Hi,
if I understand this proposal correctly, the motivation is actually
reducing latency by bypassing bundle atomic guarantees, bundles after
"at least once" Reshuffle would be reconstructed independently of the
pre-shuffle bundling. Provided this is correct, it seems that the
behavior is slightly more general than for the case of Reshuffle. We
have already some transforms that manipulate a specific property of a
PCollection - if it may or might not contain duplicates. That is
manipulated in two ways - explicitly removing duplicates based on IDs on
sources that generate duplicates and using @RequiresStableInput, mostly
in sinks. These techniques modify an inherent property of a PCollection,
that is if it contains or does not contain possible duplicates
originating from the same input element.
There are two types of duplicates - duplicate elements in _different
bundles_ (typically from at-least-once sources) and duplicates arising
due to bundle reprocessing (affecting only transforms with side-effects,
that is what we solve by @RequiresStableInput). The point I'm trying to
get to - should we add these properties to PCollections (contains
cross-bundle duplicates vs. does not) and PTransforms ("outputs
deduplicated elements" and "requires stable input")? That would allow us
to analyze the Pipeline DAG and provide appropriate implementation for
Reshuffle automatically, so that a new URN or flag would not be needed.
Moreover, this might be useful for a broader range of optimizations.
WDYT?
Jan
On 1/30/24 23:22, Robert Burke wrote:
Is the benefit of this proposal just the bounded deviation from the
existing reshuffle?
Reshuffle is already rather dictated by arbitrary runner choice, from
simply ignoring the node, to forcing a materialization break, to a
full shuffle implementation which has additional side effects.

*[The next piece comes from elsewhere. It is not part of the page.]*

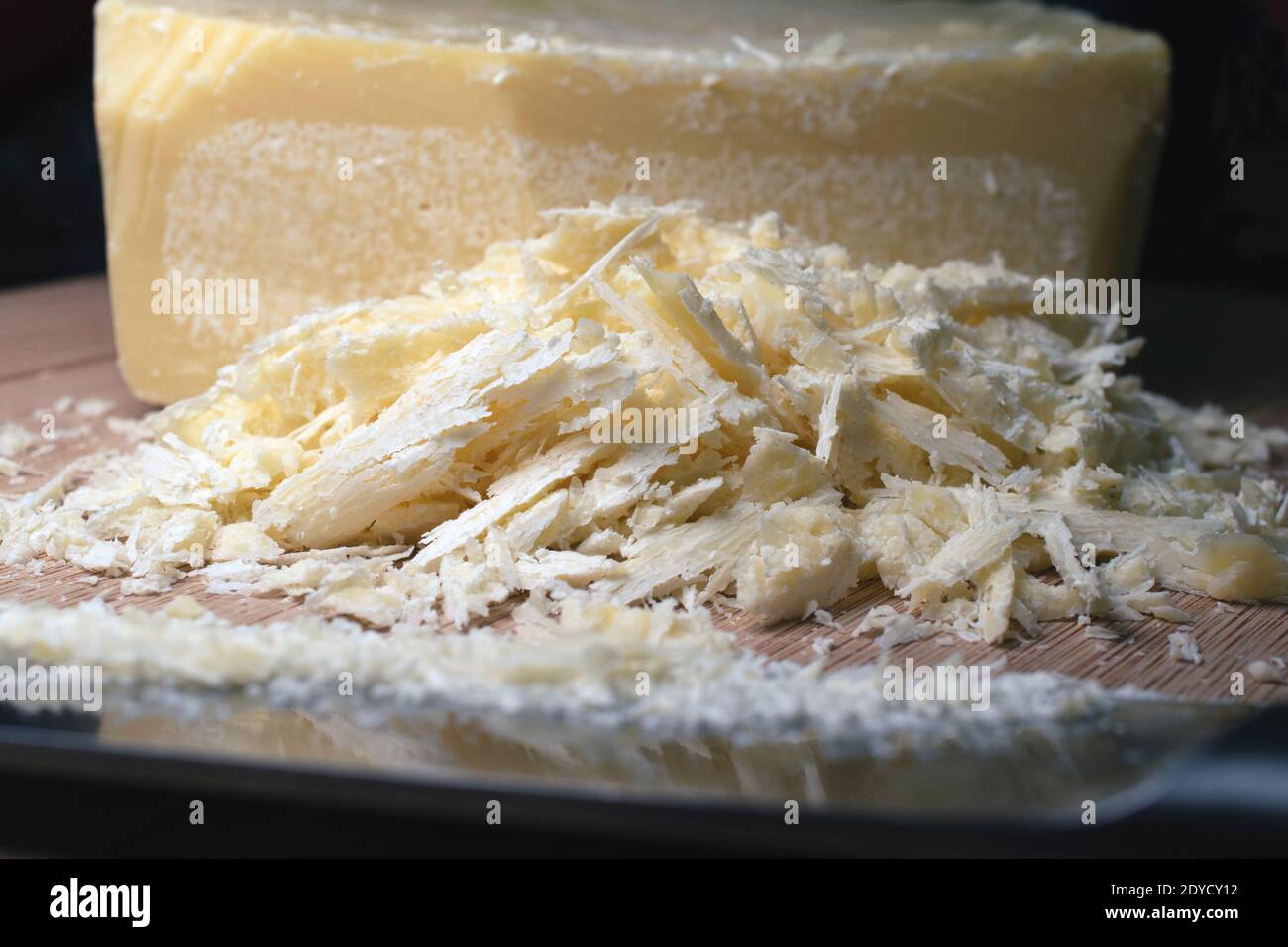 Shreds of cocoa butter carved from a solid cocoa butter block Stock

But model wise I don't believe it guarantees specific checkpointing or
re-execution behavior as currently specified. The proto only says it
represents the operation (without specifying the behavior, that is a
big problem).
I guess my concern here is that it implies/codifies that the existing
reshuffle has more behavior than it promises outside of the Java SDK.

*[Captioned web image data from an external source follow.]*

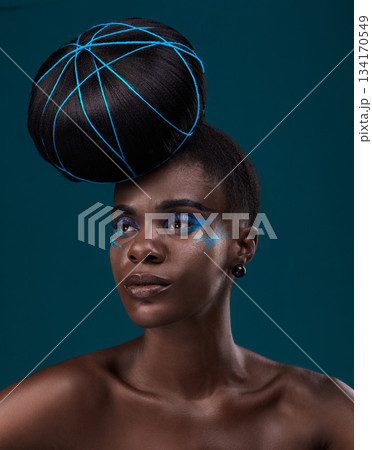 Idea, hair care and makeup with a model black woman in studio on a blue background for beauty. Thinking, fashion and cosmetics with an attractive young female person at the salon for a hairstyle 134170549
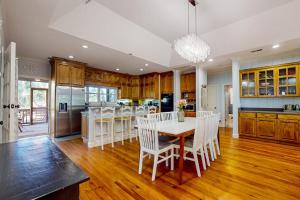 a kitchen with a table and white chairs in it at Natural Wonder in Edisto Island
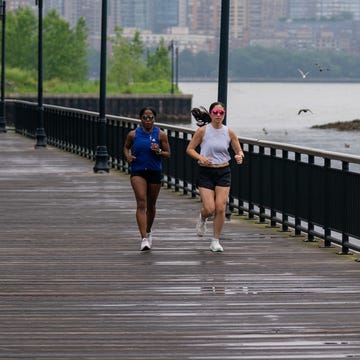 Runners jogging on a park path over water with a city in the background runners jogging on a park path over water with a city in the background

"Allowing duplicates" WRT reshuffle is tricky. It feels like mostly
allows an implementation that may mean the inputs into the reshuffle
might be re-executed for example. But that's always under the runner's
discretion , and ultimately it could also prevent even getting the
intended benefit of a reshuffle (notionally, just a fusion break).
Is there even a valid way to implement the notion of a reshuffle that
leads to duplicates outside of a retry/resilience case?
-------
To be clear, I'm not against the proposal. I'm against that its being
built on a non-existent foundation. If the behavior isn't already
defined, it's impossible to specify a real deviation from it.
I'm all for more specific behaviors if means we actually clarify what
the original version is in the protos, since its news to me ( just
now, because I looked) that the Java reshuffle promises GBK-like side
effects. But that's a long deprecated transform without a satisfying
replacement for it's usage, so it may be moot.
Robert Burke
On Tue, Jan 30, 2024, 1:34 PM Kenneth Knowles <k...@apache.org> wrote:
Hi all,
Just when you thought I had squeezed all the possible interest out
of this most boring-seeming of transforms :-)
I wrote up a very quick proposal as a doc [1]. It is short enough
that I will also put the main idea and main question in this email
so you can quickly read. Best to put comments in the.
Main idea: add a variation of Reshuffle that allows duplicates,
aka "at least once", so that users and runners can benefit from
efficiency if it is possible
Main question: is it best as a parameter to existing reshuffle
transforms or as new URN(s)? I have proposed it as a parameter but
I think either one could work.
I would love feedback on the main idea, main question, or anywhere
on the doc.
Thanks!
Kenn
[1] https://s.apache.org/beam-reshuffle-allowing-duplicates